Flatness-Aware Prompt Selection Improves Accuracy and Sample Efficiency
Lingfeng Shen | Weiting Tan | Boyuan Zheng | Daniel Khashabi
Findings of the Association for Computational Linguistics: EMNLP 2023

With growing capabilities of large language models, prompting them has become the dominant way to access them. This has motivated the development of strategies for automatically selecting effective language prompts. In this paper, we introduce **pFlat** (prompt flatness), a new metric to quantify the expected utility of a language prompt. This metric is inspired by *flatness* regularization in statistical learning that quantifies the robustness of the model towards its parameter perturbations. We provide theoretical foundations for this metric and its relationship with other prompt selection metrics, providing a comprehensive understanding of existing methods. Empirically, we show that combining **pFlat** with existing metrics improves both performance and sample efficiency. Our metric outperforms the previous prompt selection metrics with an average increase of 10% in Pearson correlation across 6 classification benchmarks, and the prompt selected by our metric gains 5% higher accuracy than previous metrics across the benchmarks.

Multilingual Representation Distillation with Contrastive Learning
Weiting Tan | Kevin Heffernan | Holger Schwenk | Philipp Koehn
Proceedings of the 17th Conference of the European Chapter of the Association for Computational Linguistics

Multilingual sentence representations from large models encode semantic information from two or more languages and can be used for different cross-lingual information retrieval and matching tasks. In this paper, we integrate contrastive learning into multilingual representation distillation and use it for quality estimation of parallel sentences (i.e., find semantically similar sentences that can be used as translations of each other). We validate our approach with multilingual similarity search and corpus filtering tasks. Experiments across different low-resource languages show that our method greatly outperforms previous sentence encoders such as LASER, LASER3, and LaBSE.

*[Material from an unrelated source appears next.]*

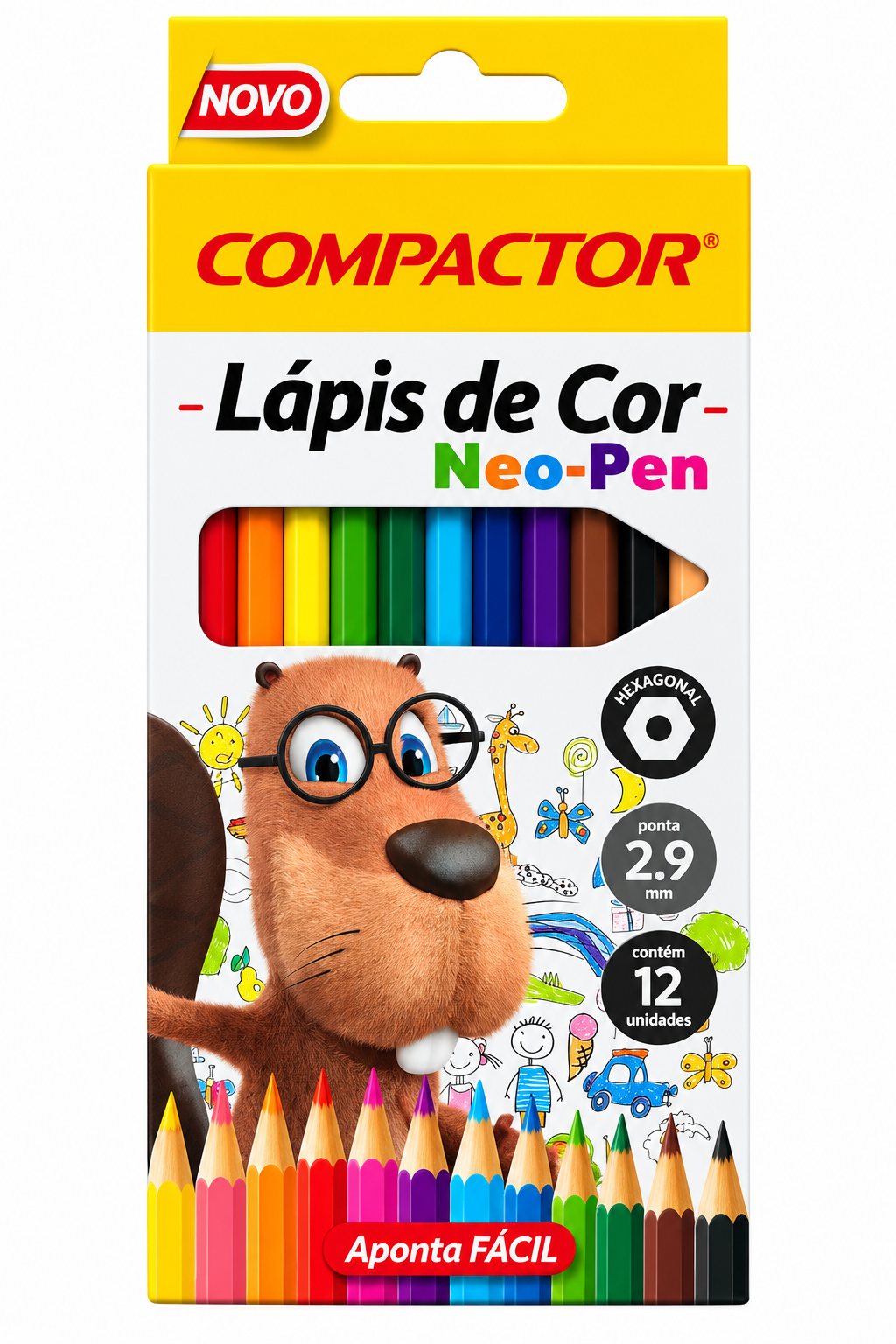 LÁPIS DE COR COMPACTOR NEO-PEN – 12 CORES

Condensing Multilingual Knowledge with Lightweight Language-Specific Modules
Haoran Xu | Weiting Tan | Shuyue Li | Yunmo Chen | Benjamin Van Durme | Philipp Koehn | Kenton Murray
Proceedings of the 2023 Conference on Empirical Methods in Natural Language Processing

Incorporating language-specific (LS) modules or Mixture-of-Experts (MoE) are proven methods to boost performance in multilingual model performance, but the scalability of these approaches to hundreds of languages or experts tends to be hard to manage. We present Language-specific Matrix Synthesis (LMS), a novel method that addresses the issue. LMS utilizes parameter-efficient and lightweight modules, reducing the number of parameters while outperforming existing methods, e.g., +1.73 BLEU over Switch Transformer on OPUS-100 multilingual translation. Additionally, we introduce Fuse Distillation (FD) to condense multilingual knowledge from multiple LS modules into a single shared module, improving model inference and storage efficiency. Our approach demonstrates superior scalability and performance compared to state-of-the-art methods.


Doubly-Trained Adversarial Data Augmentation for Neural Machine Translation
Weiting Tan | Shuoyang Ding | Huda Khayrallah | Philipp Koehn
Proceedings of the 15th biennial conference of the Association for Machine Translation in the Americas (Volume 1: Research Track)

Neural Machine Translation (NMT) models are known to suffer from noisy inputs. To make models robust, we generate adversarial augmentation samples that attack the model and preserve the source-side meaning at the same time. To generate such samples, we propose a doubly-trained architecture that pairs two NMT models of opposite translation directions with a joint loss function, which combines the target-side attack and the source-side semantic similarity constraint. The results from our experiments across three different language pairs and two evaluation metrics show that these adversarial samples improve model robustness.